Johnson became President in April, 1865, when Lincoln was assassinated. Grant was elected in 1868 and took office the following March. Johnson spent most of his term fighting with the Republican Radicals in Congress and defending the impeachment action that was precipitated by Johnson’s dismissal of Stanton as Secretary of War. Johnson was extremely hostile toward the Southern Planter Aristocracy. The Army continued to occupy the former Confederate states through 1976 when Hays was elected. For instance Custer’s 7th Cavalry was on Reconstruction duty in Kentucky, running down KKK raiders and up-grading its horses, until 1875 (I think) when it was sent to the Dakota Territory when the peace policy toward the Northern Plains Indians was abandon.
You just cannot honestly make Johnson the whipping boy for the failure of the Reconstruction Acts to do things that did not get done until the Kennedy and Lyndon Johnson administrations. The problem was not so much President Johnson as it was a general lack of political and moral will to follow through on the emancipation. Please note that there was no significant change of Reconstruction policy from the Johnson administration to the Grant administration. The big change, the point at which the federal government turned its back on the freed slaves, was with the election of Hays by the House of Representatives after the indecisive 1876 election.

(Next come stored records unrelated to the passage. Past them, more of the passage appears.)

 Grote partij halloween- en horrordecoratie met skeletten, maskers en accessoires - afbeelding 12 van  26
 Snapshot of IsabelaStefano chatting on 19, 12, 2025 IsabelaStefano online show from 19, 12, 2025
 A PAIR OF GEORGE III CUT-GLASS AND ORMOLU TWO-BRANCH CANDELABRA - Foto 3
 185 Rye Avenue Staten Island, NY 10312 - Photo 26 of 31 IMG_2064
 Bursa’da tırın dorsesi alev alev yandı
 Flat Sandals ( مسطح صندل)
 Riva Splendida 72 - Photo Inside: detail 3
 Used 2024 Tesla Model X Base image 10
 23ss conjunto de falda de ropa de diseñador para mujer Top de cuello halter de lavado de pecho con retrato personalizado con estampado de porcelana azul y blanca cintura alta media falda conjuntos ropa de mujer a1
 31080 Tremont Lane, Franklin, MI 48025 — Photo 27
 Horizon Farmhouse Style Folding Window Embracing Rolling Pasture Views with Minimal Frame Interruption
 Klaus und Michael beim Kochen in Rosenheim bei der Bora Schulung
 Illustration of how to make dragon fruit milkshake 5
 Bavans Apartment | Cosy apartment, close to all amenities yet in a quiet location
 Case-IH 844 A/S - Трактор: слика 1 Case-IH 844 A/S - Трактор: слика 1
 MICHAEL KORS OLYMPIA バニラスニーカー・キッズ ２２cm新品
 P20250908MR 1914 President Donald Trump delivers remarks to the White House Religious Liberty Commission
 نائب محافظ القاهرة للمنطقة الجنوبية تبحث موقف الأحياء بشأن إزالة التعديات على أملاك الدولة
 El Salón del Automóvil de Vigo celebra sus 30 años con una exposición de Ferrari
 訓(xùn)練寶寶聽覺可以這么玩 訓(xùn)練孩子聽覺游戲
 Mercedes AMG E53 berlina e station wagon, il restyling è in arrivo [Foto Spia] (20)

Andrew Johnson was no paladin for the emancipation but he certainly was not the black hearted villain some make him out to be. Rather, chalk the failure up to a general national attitude of benign indifference to the fate, welfare and future of unskilled, uneducated and economically dependent Southern Blacks. Most people, and certainly most national legislators, were perfectly happy to keep Southern Blacks unskilled, uneducated and economically dependent and, most of all, in the South.
Your opinion is thoughtfully stated, which I respect, but your analysis just doesn’t match the historical record. If there was no political or moral will to follow through with emancipation, how do you explain the 14th and 15th Amendments? If the “benign indifference” you describe really existed, how did the Reconstruction Acts come to be? How did the northern states accept the continuous deployment of their sons in uniform for nearly a decade (a fact you just pointed out).
I’m not sure on what basis you’ve formed your impressions of the era, but the historical record is unequivocal that in the immediate post-war period, there was tremendous momentum, will, and political capital available to be brought to bear to permanently re-form the socio-political culture of the former Confederacy. A considerable amount of that momentum was blunted by Johnson’s opposition to Reconstruction, but even then, Grant’s first term very nearly put the effort back on track. But having been given life by Johnson’s early backing, southern Democrats were able to survive and fester until the gold scandal of Grant’s second term finally sapped whatever will to reform remained within Congress and the Executive. It is arguable that without the ensuing recession, Grant’s administration would have been able to maintain Congress’s focus on Reconstruction long enough to outlast the Democrats.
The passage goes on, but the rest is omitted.